[Opening EXERCISE MATERIAL section]

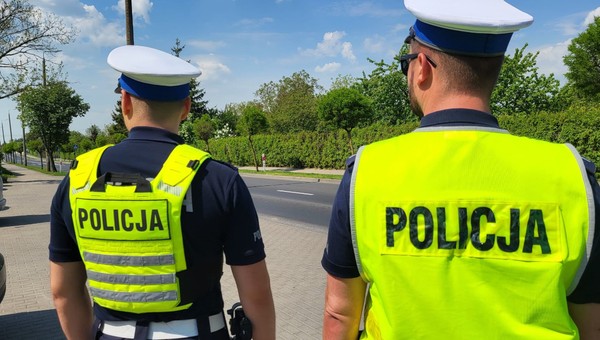 Obraz pochodzący z serwisu https://kujawsko-pomorska.policja.gov.pl/kb/informacje/wiadomosci/147752,Podsumowanie-dzialan-podczas-majowego-weekendu.html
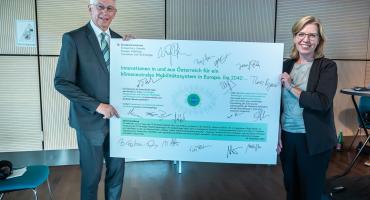 Klimaschutzministerin Gewessler unterzeichnete u.a. mit FFG-GF Klaus Pseiner die FTI-Strategie für Mobilität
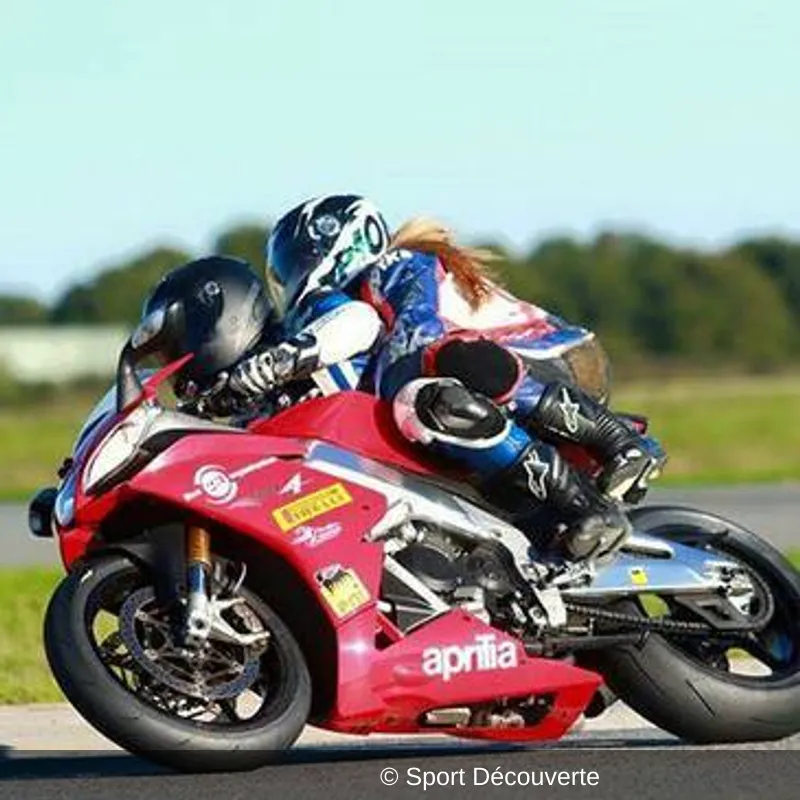 Baptême Sensations en Moto Aprilia sur le circuit le Vigeant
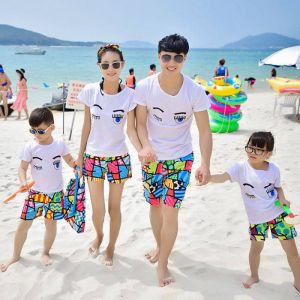 Áo đồng phục đi biển độc lạ hình con mắt lém lỉnh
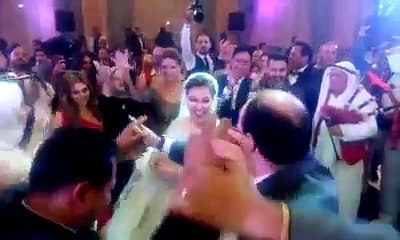 حصرى .. رقص  ويزو مسرح مصر فى حفل زفافها بحضور نجوم الفن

[Closing EXERCISE MATERIAL section]

**WHAT IS BEING ASKED**
The records shown above are to be repeated exactly, with the pictures left out.

**WRITTEN ANSWER**
 Obraz pochodzący z serwisu https://kujawsko-pomorska.policja.gov.pl/kb/informacje/wiadomosci/147752,Podsumowanie-dzialan-podczas-majowego-weekendu.html
 Klimaschutzministerin Gewessler unterzeichnete u.a. mit FFG-GF Klaus Pseiner die FTI-Strategie für Mobilität
 Baptême Sensations en Moto Aprilia sur le circuit le Vigeant
 Áo đồng phục đi biển độc lạ hình con mắt lém lỉnh
 حصرى .. رقص  ويزو مسرح مصر فى حفل زفافها بحضور نجوم الفن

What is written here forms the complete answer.